Tenemos una capacidad de adaptación mucho más limitada que en la generación de mi abuelo. Ellos sabían, porque habían visto que el mundo se caía varias veces, que no podían agarrarse a una prosperidad, que si venían unos cuantos años buenos podía romperse en cualquier momento. Vivían con la maleta preparada para largarse, sabiendo que todo se podía ir al traste. A nosotros nos ha pillado totalmente desprevenidos, con el culo al aire. Y estamos todavía recuperándonos del shock. Ahora hay una tímida organización, una tímida respuesta política que todavía no tiene nada que ver con la magnitud de lo que está pasando. No nos lo creemos aún, no estamos preparados para creérnoslo.
Entonces, ¿comprender toda esa época es entender mejor quiénes somos y hacia dónde vamos?

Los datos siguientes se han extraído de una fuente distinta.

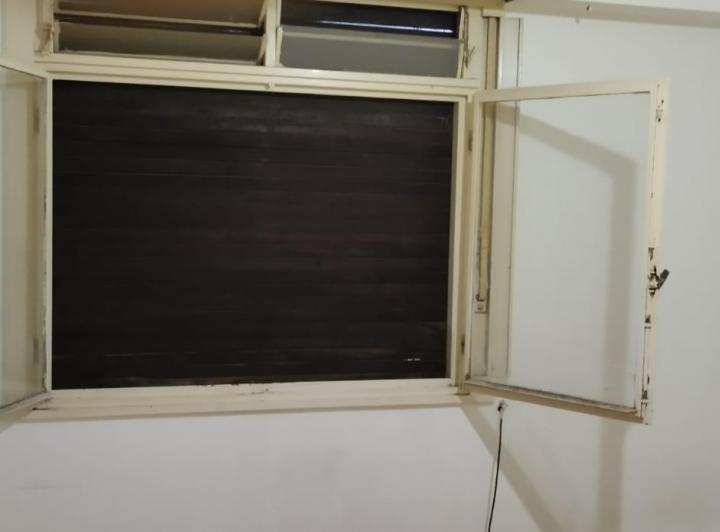 DEPARTAMENTO 2 AMBIENTES ALMAGRO 4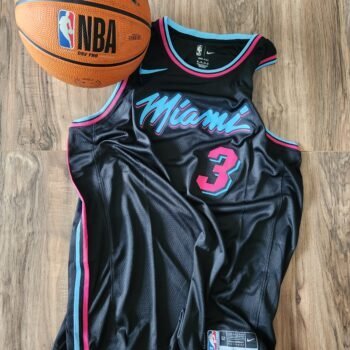 Nba Miami Heat Vice Nights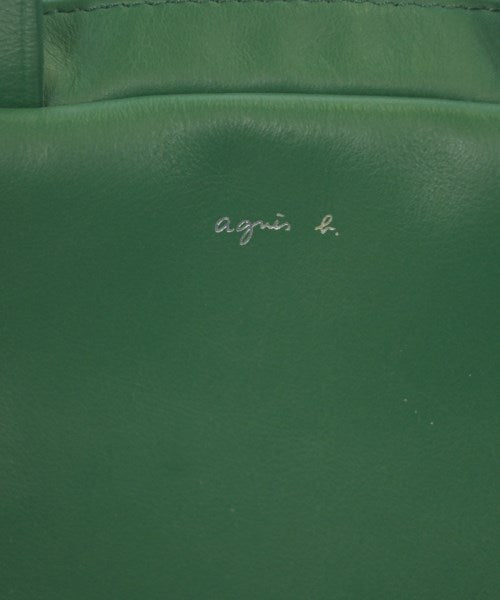 Agnes b. 肩背包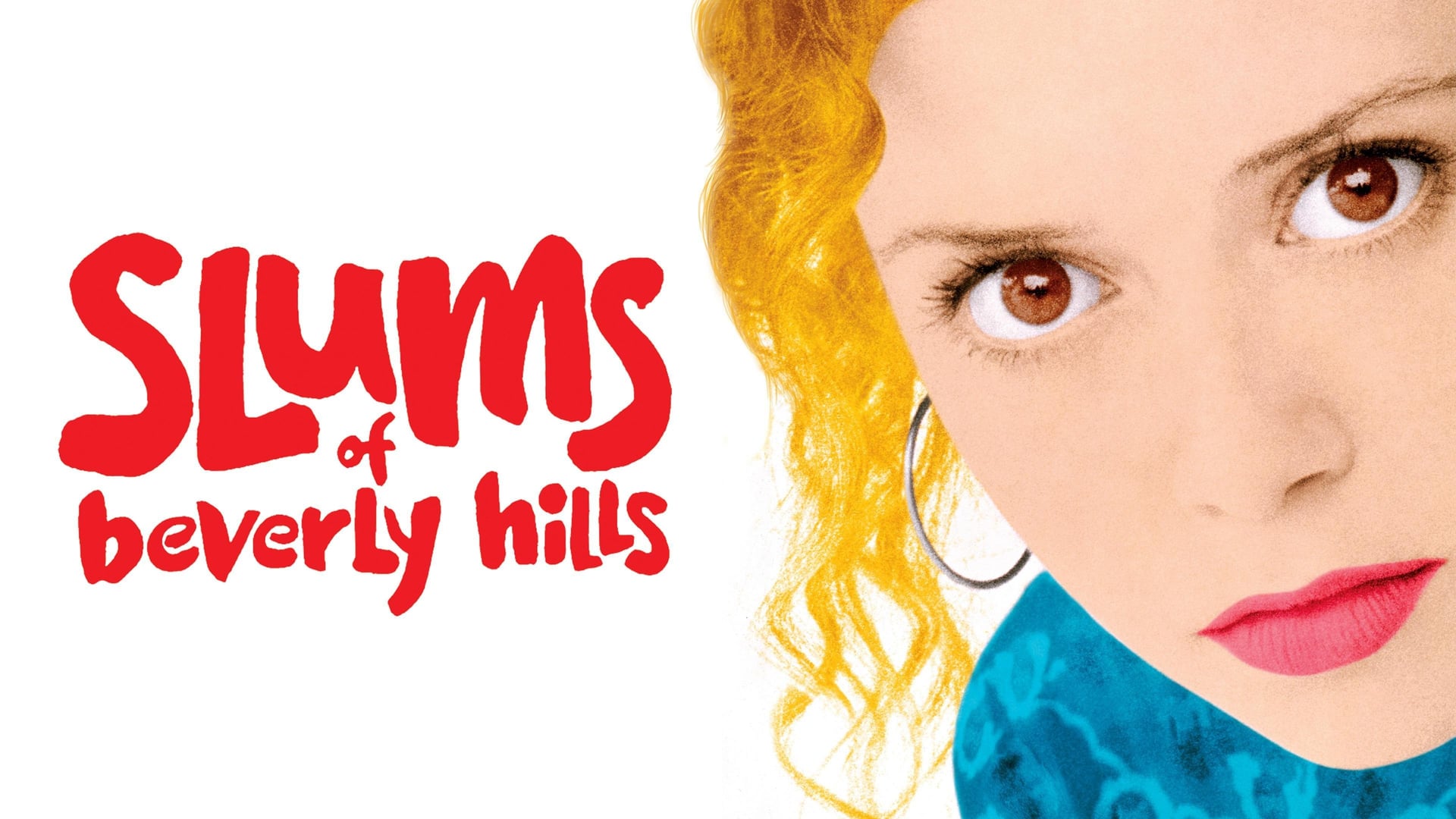 Foto do filme Slums of Beverly Hills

Entendemos mejor cómo es el país en que vivimos. Hay muchas cosas equiparables a todo el mundo occidental pero nosotros, que tenemos un horizonte vital mucho más grande que el que tuvieron nuestros abuelos, que conocemos Europa como el plano del metro, vemos unas diferencias culturales de las que no somos totalmente conscientes y que tienen que ver con el país en el que hemos crecido y la educación y el legado que nos han transmitido.

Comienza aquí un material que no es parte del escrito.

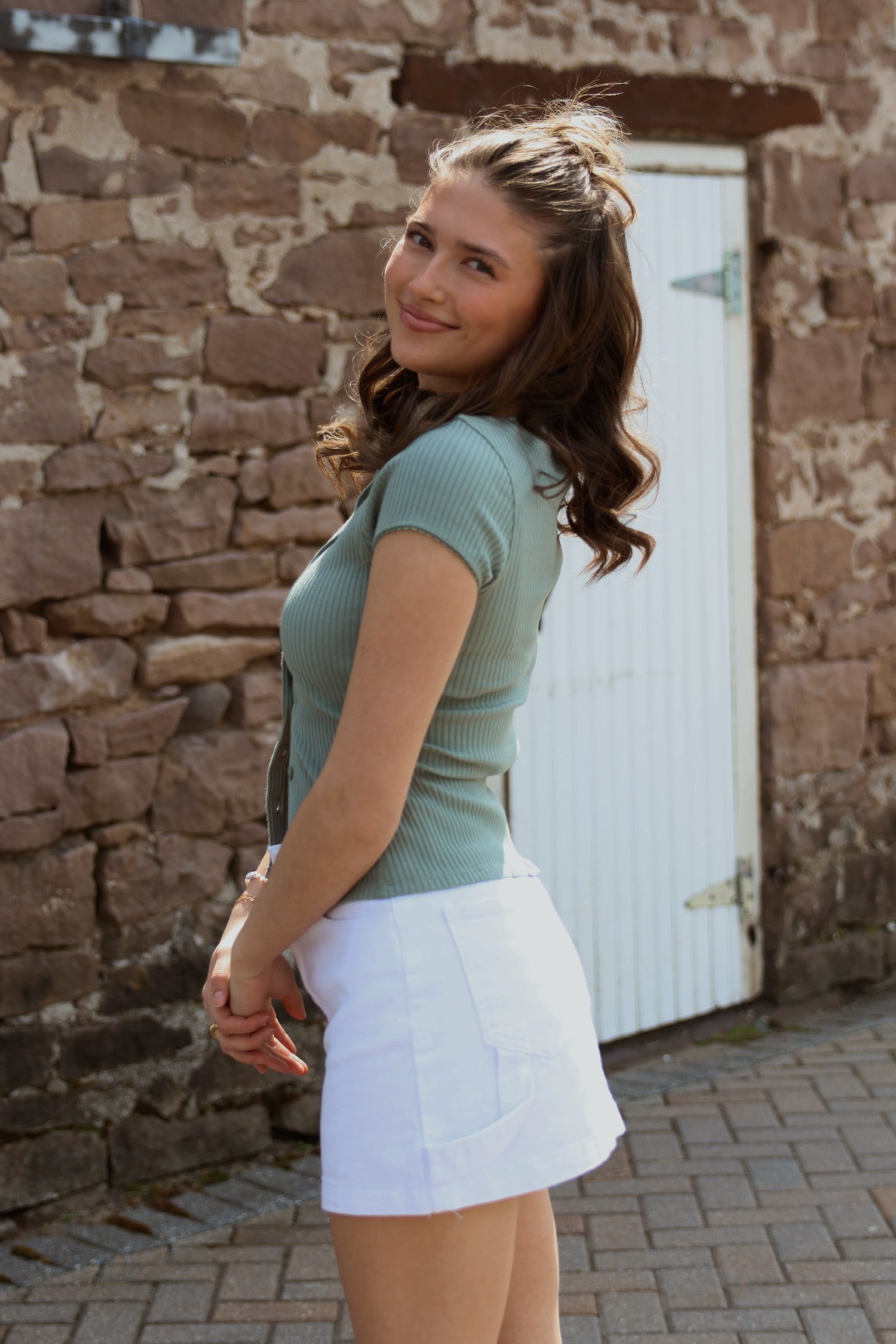 Abaco Skirt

¿Qué legado hemos recibido?
El legado tiene que ver con una ética de la sumisión, que se ha dado mucho en España, que se ha transmitido el miedo que sintió la gente de la guerra. Y eso no se ve por ejemplo en Francia. Los países victoriosos de la II Guerra Mundial no han tenido eso. ¿Podemos tener más en común con un alemán, que tuvo el nazismo y demás? No, porque se han enfrentado a ello sin vergüenza, han pedido perdón y han hecho otro tipo de cosas. Nosotros vivimos 40 años de gente cabizbaja, que recibía de sus padres el aprendizaje vital del “tú cállate”, “cómetelo todo y no protestes”, “no te signifiques mucho en el trabajo”. Esa mansedumbre nos ha llegado, atenuada, pero nos ha llegado, y eso marca ciertas diferencias, quizás mínimas, que no nos impide relacionarnos ni ser más europeos que nadie. Pero nos marca.
¿En qué sentido?
Las personas que vivieron la guerra han transmitido el miedo a sus hijos, que son educados en que lo más sensato y deseable es agachar la cabeza y acatar las órdenes y no ser problemático. En la calle sentimos que no hay por qué que tener miedo. Pero hemos vivido así. Y eso lo vemos en cómo nos tratan las grandes empresas en España. Llamemos al servicio de atención al cliente de Telefónica y después al de France Telecom. Es muy distinto el trato. Aquí saben que pueden, que la gente no protesta. Te tratan mal en un sitio y te quejas con tu amigo, pero no reclamas.
Pero la gente se ha echado a la calle a protestar, ¿no?
Pero ha venido tarde, muy desorganizado, y creo que es menos masiva de lo que parece. Este país tendría que estar ardiendo por los cuatro costados con las cifras de paro que tenemos. Y no lo está, estamos aquí tomando un café tan tranquilos. Con datos mejores, cualquier país sudamericano arde. Nos ha pasado algo por encima muy grande. Somos mucho más conformados. La respuesta es muy tímida, son todas institucionales y las reacciones son muy viscerales por parte del poder. Persiste esa actitud. España es un país de élites muy crueles y muy temerosas de una posible insurrección que nunca jamás se va a producir. Pero tienen ese miedo latente y reaccionan de forma virulenta a cualquier contestación que reciban, aunque sea tímida.